Un film diffusé sur ­Netflix sans être sorti en salle est-il réellement un film ? La question agite l’industrie du cinéma. Sand Castle, fiction britannique mise en ligne sur la plate-forme de vidéos à la demande, le 21 avril, a en tout cas les attributs du film de guerre hollywoodien. Même si le budget de 13 millions de dollars dont a disposé le réalisateur brésilien, Fernando Coimbra, est beaucoup moins élevé que ­celui d’American Sniper (2015), qui s’élevait à 58,8 millions.
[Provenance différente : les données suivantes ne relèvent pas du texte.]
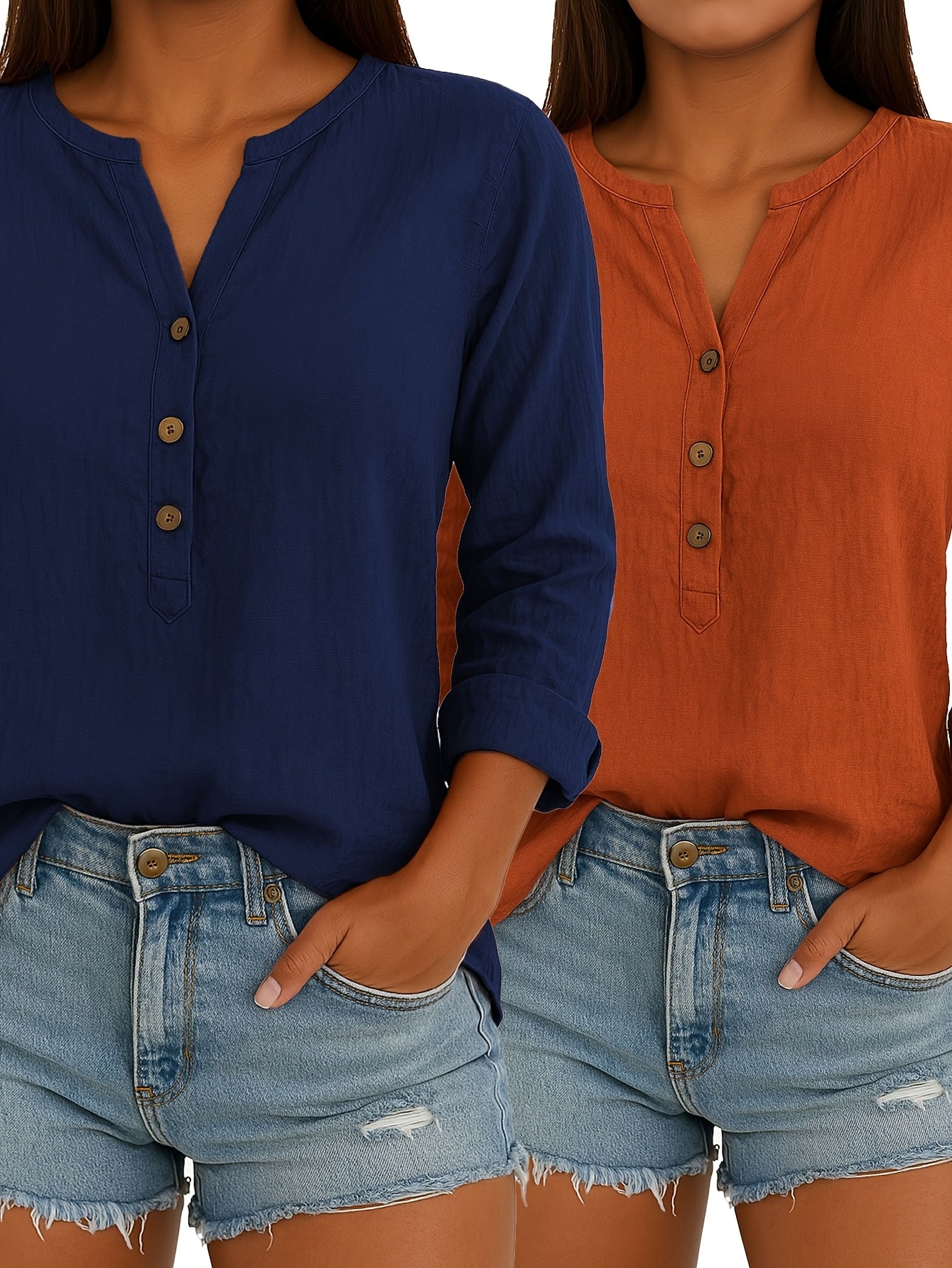 2/3pcs Ladies Elegant Linen Blend Short Sleeve V-Neck Shirt Four Seasons Can Wear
Tourné en Jordanie, Sand Castle donne à voir la guerre d’Irak du point de vue américain. A la manière d’un journaliste embarqué, le réalisateur filme au plus près les soldats américains au combat dans les rues de Bagdad ou dans les moments de camaraderie, assis en haut des crêtes surplombant les vallées désertiques.

Le scénario écrit par Chris Roess­ner, un vétéran de la guerre d’Irak de 2003 qui s’est inspiré de sa propre expérience, a toutefois le mérite de se démarquer du corpus des films américains sur le conflit irakien dans lesquels, trop souvent, le héros porté par ses convictions patriotiques finit par sombrer dans la psychose. Sand Castle explore les transformations d’un personnage complexe, Matt Ocre (Nicholas Hoult, très convaincant), soldat inexpérimenté, qui, d’emblée, se sent honteux. Et pour cause : il ne s’est pas engagé dans le but de « combattre pour la liberté » mais pour des raisons pécuniaires.

Dès son arrivée au Koweït, il s’inflige une blessure à la main pour retarder son départ en ­mission. L’expérience du feu n’en sera que plus terrifiante.

SAND CASTLE Bande Annonce VF (Netflix // 2017)

Quittant la capitale irakienne, la troupe se rend dans une vallée près de la ville de Bakouba, plus au nord, afin de réparer une station de pompage d’eau détruite par les bombes américaines. Ocre pense que leur mission ne pourra être accomplie qu’avec l’aide de la population locale. Empreintes de méfiance réciproque, les tentatives de dialogue entre occupants et occupés n’aboutissent pas ­toutes, loin s’en faut.

A rebours d’American Sniper, où le tireur d’élite, sûr de son bon droit, fait face à des traîtres, des lâches ou des fourbes, le film opère une symétrie des postures entre Américains et Irakiens, oscillant entre attitude respectueuse et méprisante. Sans forcer le trait, le film met en scène les violences de guerre les plus mesquines comme les plus atroces : les crimes perpétrés par les insurgés irakiens répondent mécaniquement aux brutalités commises par les occupants américains.

Ennemi invisible

Comme dans Jarhead (2005), les combats n’en restent pas moins illisibles. Pris dans plusieurs embuscades, les soldats américains sont confrontés à un ennemi invisible. Personne ne sait d’où viennent les tirs ni qui est l’ennemi. Plus rien n’est clair si ce n’est qu’il faut tirer pour éviter de se faire tuer.

Frustré de ne pouvoir venir à bout des insurgés, Ocre finit par se venger lâchement sur un prisonnier irakien. Il n’y a ici aucune leçon de courage. Dans la lignée des films américains les plus antimilitaristes comme Platoon (1986), Sand Castle met ainsi l’accent, avec une discrète insistance, sur chacune des défaites de ce soldat à fleur de peau. Autant d’échecs qui annoncent en filigrane l’écroulement de la puissance américaine dans les sables irakiens.

Sand Castle, de Fernando Coimbra. Avec Nicholas Hoult, Logan Marshall-Green, Henry Cavill (GB., 2017, 113 min). Sur Netflix à la demande.